The array of NPUs in 708 may include any number of NPUs depending, for example, on the system demands or architecture. One or more (e.g., all) NPUs in a given cluster may be idle, for example, to enter a cluster level power gating mode. In some embodiments, little or no work or processing may be occurring on each NPU in this cluster to turn the power off to the cluster, for example, in order to avoid work being interrupted. Further, to prevent work from being interrupted, NPU Monitor 712 may monitor the activity of NPU cluster 708.

NPU monitor 712 may monitor activity of NPU cluster 708 by receiving busy/idle information (e.g., data) 720 and training one or more ML models to operate in the NPU monitor 712. After the ML model is trained, for example, according to one or more methods described herein, the ML model may monitor activity of NPU cluster 708 based on busy/idle information 720. If the ML model determines that one or more (e.g., all) of the NPUs in cluster 708 may become idle for a period of time equal to or exceeding a breakeven time, the NPU monitor 712 may notify the system management controller 710 to stop NPU cluster 708. Interrupt 724 may be sent from NPU monitor 712 to send a powerdown control signal 714 and/or regulation control signal 716 to turn off the power to NPU cluster 708.

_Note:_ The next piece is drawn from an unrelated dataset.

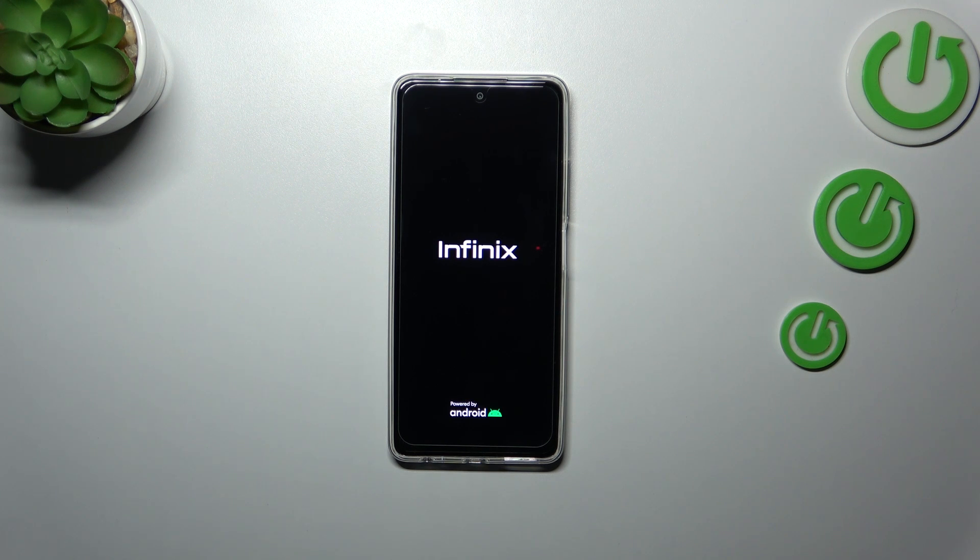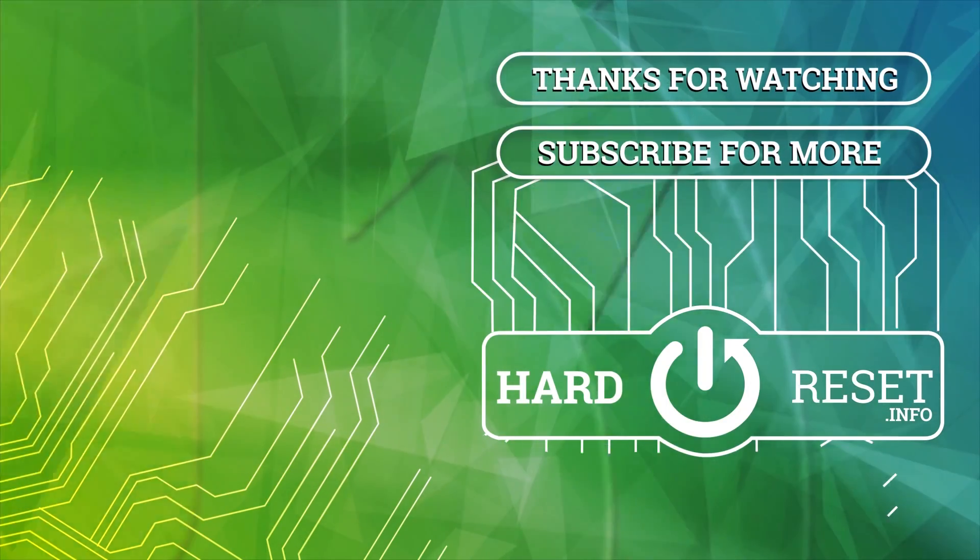Alright, so that will be all. Thank you so much for watching. I hope that this video was helpful, and if it was, please hit the subscribe button and leave a thumbs up. Thank you.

In addition to turning off the LDO 706 or power gating switch, the system management controller 710 may also handle Save/Restore 718 data movement. The system management controller 710 may, for example, save the state of NPU cluster 708 for when power is returned. To accomplish the power gating. NPU monitor 712 may perform efficient methods of ML and deciding when it is appropriate to turn on and off the NPU clusters.

Some embodiments may increase efficiency by building an offline model using the power breakeven durations and/or building the ML model to determine when it is appropriate to enter or not enter into power gating. The ML model may be built offline with information collected by the NPU monitor 712. For example, in some embodiments, the ML algorithm may be trained while offline, and the input to the ML model may be the aggregate NPU busy/idle data 720. In some embodiments, a power breakeven formula may be used to create labels, and the labels used in training the ML algorithm.

FIG. 8 illustrates an example embodiment of machine learning training data in accordance with example embodiments of the disclosure. Each row in ML training data 802 may represent an increment of time. In some embodiments, the data in the NPU history buffer, such as activity buffer 912 illustrated in FIG. 9, may be transformed and labeled such that it may accommodate a wide variety of ML and neural network models. The example ML training data 802 may transpose NPU data such that each row may contain data for three time steps for each NPU (for example, those illustrated in FIG. 7), and provide a label (e.g., decision) used for training. This is just one example of data transformation and labeling to accommodate one or more ML models. In some embodiments, a 0 may indicate that an NPU is active, and a 1 may indicate that an NPU is inactive or idle. In some other embodiments, a 1 may indicate that an NPU is active, and a 0 may indicate that an NPU is inactive or idle. Each row may include a label indicating a decision or recommendation to enter or do not enter a power gating mode based, for example, on a breakeven calculation. In some embodiments, the ML training data 802 may be referred to, and/or characterized as, vectorized data (e.g., activity information from NPU cluster 708 may be vectorized to create the ML training data 802.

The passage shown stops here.